* _Provided data_
════════
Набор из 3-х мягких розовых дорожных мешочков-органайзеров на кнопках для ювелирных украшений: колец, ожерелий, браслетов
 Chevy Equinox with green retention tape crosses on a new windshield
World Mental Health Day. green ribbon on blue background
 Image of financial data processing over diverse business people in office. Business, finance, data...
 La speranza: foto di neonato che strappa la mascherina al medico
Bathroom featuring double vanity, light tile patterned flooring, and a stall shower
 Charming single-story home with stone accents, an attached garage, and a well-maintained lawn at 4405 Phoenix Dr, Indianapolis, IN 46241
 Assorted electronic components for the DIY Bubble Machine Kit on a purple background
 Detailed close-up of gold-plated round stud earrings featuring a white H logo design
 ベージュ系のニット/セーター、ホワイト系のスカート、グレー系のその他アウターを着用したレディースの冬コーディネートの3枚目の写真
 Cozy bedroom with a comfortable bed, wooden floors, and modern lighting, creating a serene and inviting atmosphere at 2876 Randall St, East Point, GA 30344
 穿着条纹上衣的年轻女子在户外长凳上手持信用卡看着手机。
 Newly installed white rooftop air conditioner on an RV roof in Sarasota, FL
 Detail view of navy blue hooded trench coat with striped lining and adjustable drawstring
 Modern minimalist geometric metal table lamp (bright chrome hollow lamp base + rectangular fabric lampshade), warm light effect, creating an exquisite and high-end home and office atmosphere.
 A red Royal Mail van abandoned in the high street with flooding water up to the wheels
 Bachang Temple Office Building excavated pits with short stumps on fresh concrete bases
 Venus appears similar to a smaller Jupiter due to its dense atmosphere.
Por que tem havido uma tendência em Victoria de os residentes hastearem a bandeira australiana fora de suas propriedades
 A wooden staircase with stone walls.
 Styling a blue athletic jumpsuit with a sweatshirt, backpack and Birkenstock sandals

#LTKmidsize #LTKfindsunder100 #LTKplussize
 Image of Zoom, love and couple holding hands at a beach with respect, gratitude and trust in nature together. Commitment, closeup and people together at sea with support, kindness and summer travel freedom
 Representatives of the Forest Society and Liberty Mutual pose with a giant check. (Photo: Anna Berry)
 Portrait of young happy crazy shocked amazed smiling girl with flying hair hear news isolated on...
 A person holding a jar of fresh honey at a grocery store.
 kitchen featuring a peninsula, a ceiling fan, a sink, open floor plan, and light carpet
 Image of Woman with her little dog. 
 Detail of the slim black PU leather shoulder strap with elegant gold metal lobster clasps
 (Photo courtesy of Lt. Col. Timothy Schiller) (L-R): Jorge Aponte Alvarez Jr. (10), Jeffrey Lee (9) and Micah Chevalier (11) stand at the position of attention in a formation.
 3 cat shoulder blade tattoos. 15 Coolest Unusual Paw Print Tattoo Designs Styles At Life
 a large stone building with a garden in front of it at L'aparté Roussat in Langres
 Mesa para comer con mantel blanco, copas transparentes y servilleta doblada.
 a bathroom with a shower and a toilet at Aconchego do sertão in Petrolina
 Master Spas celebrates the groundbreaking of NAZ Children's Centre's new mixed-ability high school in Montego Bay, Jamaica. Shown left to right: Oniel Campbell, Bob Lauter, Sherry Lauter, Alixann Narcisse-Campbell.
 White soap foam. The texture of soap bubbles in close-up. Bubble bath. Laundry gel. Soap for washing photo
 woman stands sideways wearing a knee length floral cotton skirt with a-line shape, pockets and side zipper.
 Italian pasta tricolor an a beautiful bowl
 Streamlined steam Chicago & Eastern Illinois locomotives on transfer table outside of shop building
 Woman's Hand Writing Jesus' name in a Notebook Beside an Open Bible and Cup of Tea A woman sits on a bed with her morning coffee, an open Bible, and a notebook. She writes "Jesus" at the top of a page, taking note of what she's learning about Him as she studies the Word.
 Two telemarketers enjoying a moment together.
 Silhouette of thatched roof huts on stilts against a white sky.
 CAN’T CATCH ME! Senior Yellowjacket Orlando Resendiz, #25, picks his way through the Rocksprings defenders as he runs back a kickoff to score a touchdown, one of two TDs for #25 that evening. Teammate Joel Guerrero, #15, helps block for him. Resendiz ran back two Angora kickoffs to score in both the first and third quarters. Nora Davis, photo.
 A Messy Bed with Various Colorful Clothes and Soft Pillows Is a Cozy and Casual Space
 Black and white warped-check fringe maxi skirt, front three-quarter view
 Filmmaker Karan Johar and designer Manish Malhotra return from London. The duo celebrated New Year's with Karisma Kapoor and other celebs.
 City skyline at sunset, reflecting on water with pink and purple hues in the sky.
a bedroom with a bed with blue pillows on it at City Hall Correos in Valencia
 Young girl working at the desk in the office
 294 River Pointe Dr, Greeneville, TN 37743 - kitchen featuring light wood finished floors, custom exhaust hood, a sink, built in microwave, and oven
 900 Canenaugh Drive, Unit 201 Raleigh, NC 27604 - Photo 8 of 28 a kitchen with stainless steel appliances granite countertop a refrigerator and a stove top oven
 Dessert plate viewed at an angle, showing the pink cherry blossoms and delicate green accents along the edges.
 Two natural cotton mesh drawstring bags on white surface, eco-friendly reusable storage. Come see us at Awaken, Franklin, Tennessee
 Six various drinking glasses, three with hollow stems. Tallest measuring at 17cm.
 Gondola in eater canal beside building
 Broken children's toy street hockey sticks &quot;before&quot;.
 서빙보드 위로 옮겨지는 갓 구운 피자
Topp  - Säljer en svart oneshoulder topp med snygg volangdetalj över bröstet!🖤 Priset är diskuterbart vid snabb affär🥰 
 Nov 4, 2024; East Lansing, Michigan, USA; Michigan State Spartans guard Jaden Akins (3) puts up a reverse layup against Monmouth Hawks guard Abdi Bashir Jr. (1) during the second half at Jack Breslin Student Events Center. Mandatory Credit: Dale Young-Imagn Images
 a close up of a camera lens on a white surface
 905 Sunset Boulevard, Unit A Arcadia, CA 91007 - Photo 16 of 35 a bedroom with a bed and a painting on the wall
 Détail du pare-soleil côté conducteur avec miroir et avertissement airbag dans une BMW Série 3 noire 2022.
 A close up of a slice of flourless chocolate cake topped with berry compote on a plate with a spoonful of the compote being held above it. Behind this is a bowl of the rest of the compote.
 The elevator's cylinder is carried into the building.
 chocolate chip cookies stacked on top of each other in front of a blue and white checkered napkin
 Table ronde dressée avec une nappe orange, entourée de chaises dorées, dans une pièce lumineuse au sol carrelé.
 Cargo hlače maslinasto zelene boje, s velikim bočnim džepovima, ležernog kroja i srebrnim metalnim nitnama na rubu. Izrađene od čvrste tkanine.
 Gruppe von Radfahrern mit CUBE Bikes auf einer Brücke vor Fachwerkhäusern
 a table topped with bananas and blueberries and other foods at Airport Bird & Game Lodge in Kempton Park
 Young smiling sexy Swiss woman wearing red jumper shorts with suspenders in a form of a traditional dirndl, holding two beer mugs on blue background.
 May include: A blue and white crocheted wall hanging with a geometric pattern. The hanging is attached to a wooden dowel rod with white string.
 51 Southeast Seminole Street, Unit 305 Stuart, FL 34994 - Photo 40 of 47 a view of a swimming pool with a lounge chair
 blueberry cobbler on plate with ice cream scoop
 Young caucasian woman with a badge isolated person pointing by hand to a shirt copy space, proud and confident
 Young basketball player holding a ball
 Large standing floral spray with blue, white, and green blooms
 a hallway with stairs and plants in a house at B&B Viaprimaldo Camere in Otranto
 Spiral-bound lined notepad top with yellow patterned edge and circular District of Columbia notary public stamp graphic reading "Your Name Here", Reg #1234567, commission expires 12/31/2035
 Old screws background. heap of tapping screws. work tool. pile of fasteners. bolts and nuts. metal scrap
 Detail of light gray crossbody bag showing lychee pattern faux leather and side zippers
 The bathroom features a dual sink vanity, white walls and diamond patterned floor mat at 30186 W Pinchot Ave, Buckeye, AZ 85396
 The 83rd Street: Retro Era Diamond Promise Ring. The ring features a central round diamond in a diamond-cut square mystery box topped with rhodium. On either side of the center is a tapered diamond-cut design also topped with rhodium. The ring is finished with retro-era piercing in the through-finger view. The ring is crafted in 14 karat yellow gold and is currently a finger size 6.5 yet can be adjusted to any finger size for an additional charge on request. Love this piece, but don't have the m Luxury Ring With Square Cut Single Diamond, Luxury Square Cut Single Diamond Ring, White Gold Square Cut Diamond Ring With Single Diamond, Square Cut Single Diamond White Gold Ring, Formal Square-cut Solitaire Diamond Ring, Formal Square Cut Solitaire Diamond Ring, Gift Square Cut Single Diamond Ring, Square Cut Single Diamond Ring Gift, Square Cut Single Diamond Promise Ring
════════
* _Work item_
Copy the lines above exactly. Start with the line containing "Detail of the", end with the line containing "A Messy Bed", and include both.

* _Task answer_
 Detail of the slim black PU leather shoulder strap with elegant gold metal lobster clasps
 (Photo courtesy of Lt. Col. Timothy Schiller) (L-R): Jorge Aponte Alvarez Jr. (10), Jeffrey Lee (9) and Micah Chevalier (11) stand at the position of attention in a formation.
 3 cat shoulder blade tattoos. 15 Coolest Unusual Paw Print Tattoo Designs Styles At Life
 a large stone building with a garden in front of it at L'aparté Roussat in Langres
 Mesa para comer con mantel blanco, copas transparentes y servilleta doblada.
 a bathroom with a shower and a toilet at Aconchego do sertão in Petrolina
 Master Spas celebrates the groundbreaking of NAZ Children's Centre's new mixed-ability high school in Montego Bay, Jamaica. Shown left to right: Oniel Campbell, Bob Lauter, Sherry Lauter, Alixann Narcisse-Campbell.
 White soap foam. The texture of soap bubbles in close-up. Bubble bath. Laundry gel. Soap for washing photo
 woman stands sideways wearing a knee length floral cotton skirt with a-line shape, pockets and side zipper.
 Italian pasta tricolor an a beautiful bowl
 Streamlined steam Chicago & Eastern Illinois locomotives on transfer table outside of shop building
 Woman's Hand Writing Jesus' name in a Notebook Beside an Open Bible and Cup of Tea A woman sits on a bed with her morning coffee, an open Bible, and a notebook. She writes "Jesus" at the top of a page, taking note of what she's learning about Him as she studies the Word.
 Two telemarketers enjoying a moment together.
 Silhouette of thatched roof huts on stilts against a white sky.
 CAN’T CATCH ME! Senior Yellowjacket Orlando Resendiz, #25, picks his way through the Rocksprings defenders as he runs back a kickoff to score a touchdown, one of two TDs for #25 that evening. Teammate Joel Guerrero, #15, helps block for him. Resendiz ran back two Angora kickoffs to score in both the first and third quarters. Nora Davis, photo.
 A Messy Bed with Various Colorful Clothes and Soft Pillows Is a Cozy and Casual Space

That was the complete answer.